Sunday, August 26, 2007

Imaging III.2















Imaging III/Immanent critique of practices

I've been wondering not only about the immanent critique of concepts in practices, but also about the way that practices, almost automatically, immanently critique themselves. This is not a matter of judgement - whether they are good or bad, better or worse, and certainly not whether they are true or not. It is not even only a matter of whether they fit or not, or whether they, as Deleuze says, "bring us forces or take these away from us". It is more than this. It is, in Bateson's terms, a question of ecology - of what I might call an accidental ecology.

To put this simply, a normal conference - a bit like the tick Deleuze discusses in The Fold - can get by with very clear or distinguished perceptions (at least in terms of structure). Give a paper (in tick terms "find the best place to burrow"), get some feedback (thankfully not always predictable although often, like the tick, involving an "olfactory perception of its prey"), have coffee ("a perception of light"), go out and drink too much. Wonder which city you're in next morning. It's a fairly regulated ecology - perhaps not too different from that Bateson writes about in alcoholism (where it is difficult to escape not because of the relationship between the drinker and bottle only, but because of an entire ecoloy of relations in which certain perceptions are distinguished and others remain obscure - Deleuze has a whole theory of appetites in this as well).
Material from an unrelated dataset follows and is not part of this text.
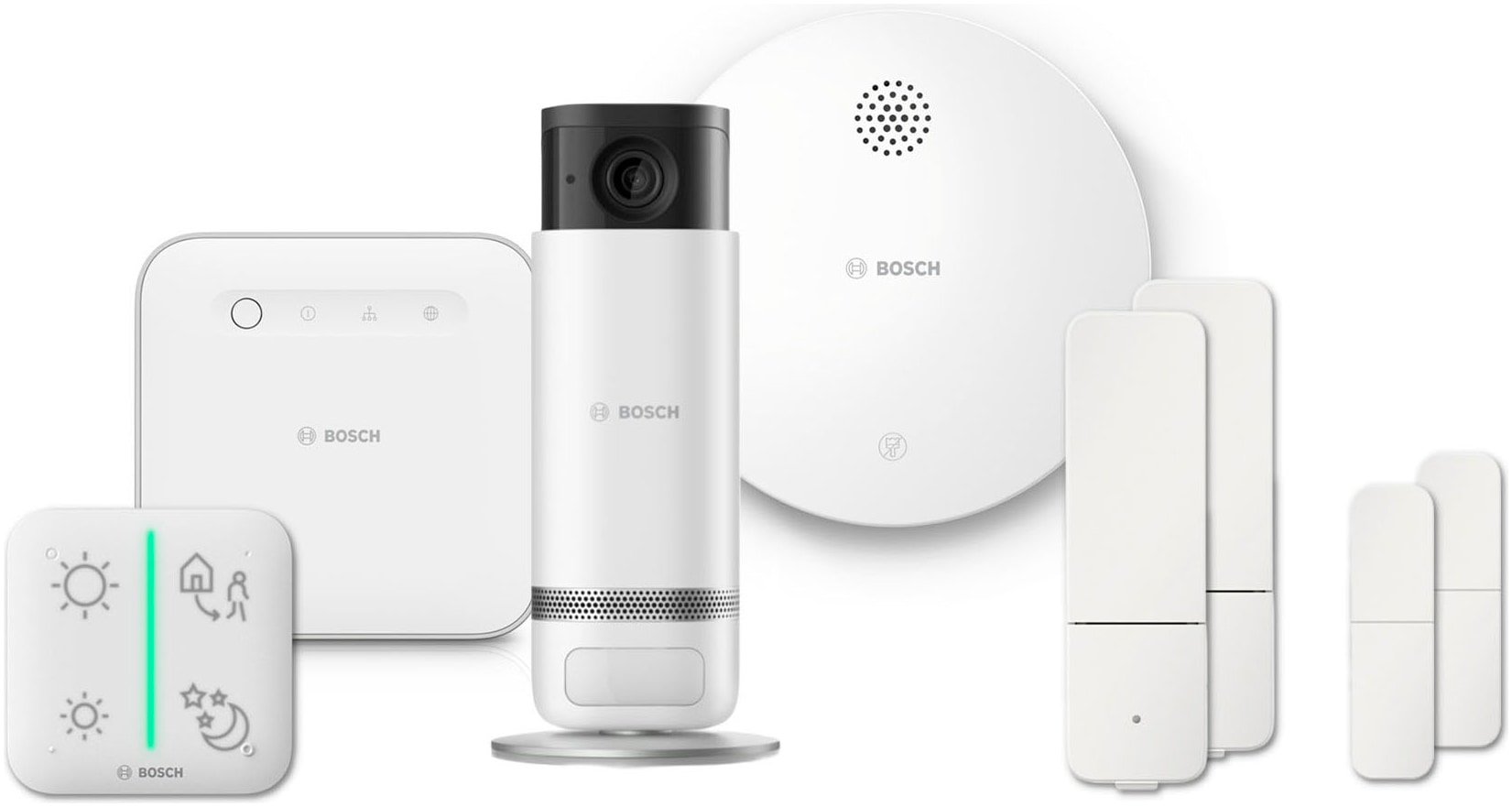 Bosch Smart-Home Starter-Set »Smart Home Alarmsystem M«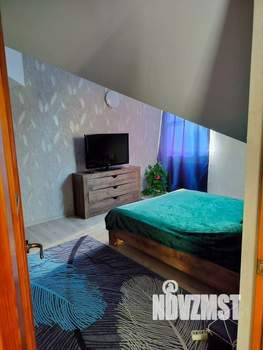 2-к квартира, посуточно, 56м2, 9/9 этаж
HtB, on the other hand, gives up its "regulated ecology". It offers a structured space for a whole huge range of events, micro and macro (platforms, each of them with their ecological complexity, readings, movements, foods, etc) that must come together immanently - but are "critiqued" by the much more complex - and determinately accidental - ecologies that emerge. This is a problem/advantage for research-creation in general. It must accept these accidental ecologies, indeed seek them, structure them in (I don't of course mean Steve who we all hope is well this morning) - indeed if research-creation structures anything - if it differentiates the remarkable in any regularity - it is that which will bring these accidental ecologies into being.

The risk of course is that there is something of a survival of the fittest, which again does not necessarily mean the best - simple that which best fits the accidental ecologies that emerge. Once again the importance of accepting failure - the failure of emergence - alongside the success, not only of the invention of concepts, but of remarkable singularities that emerge and form new structures of experience.

When something "works" it is very beautiful. When things don't - as is inevitably, ecologically - the case, they return to more obscure, more chaotic world of micoperceptions which remains, however, that into which we will plunge again so as to find life once this ecology has reached its own accidental satisfaction.

At times I wonder, however, if the practices sacrifice themselves in their auto-critique - fuelling the conceptual work (which as always in events such as Housing the Body occurs at a high level) which boils down to wondering whether I am a philosopher or a pragmatist. They are not always easy companions.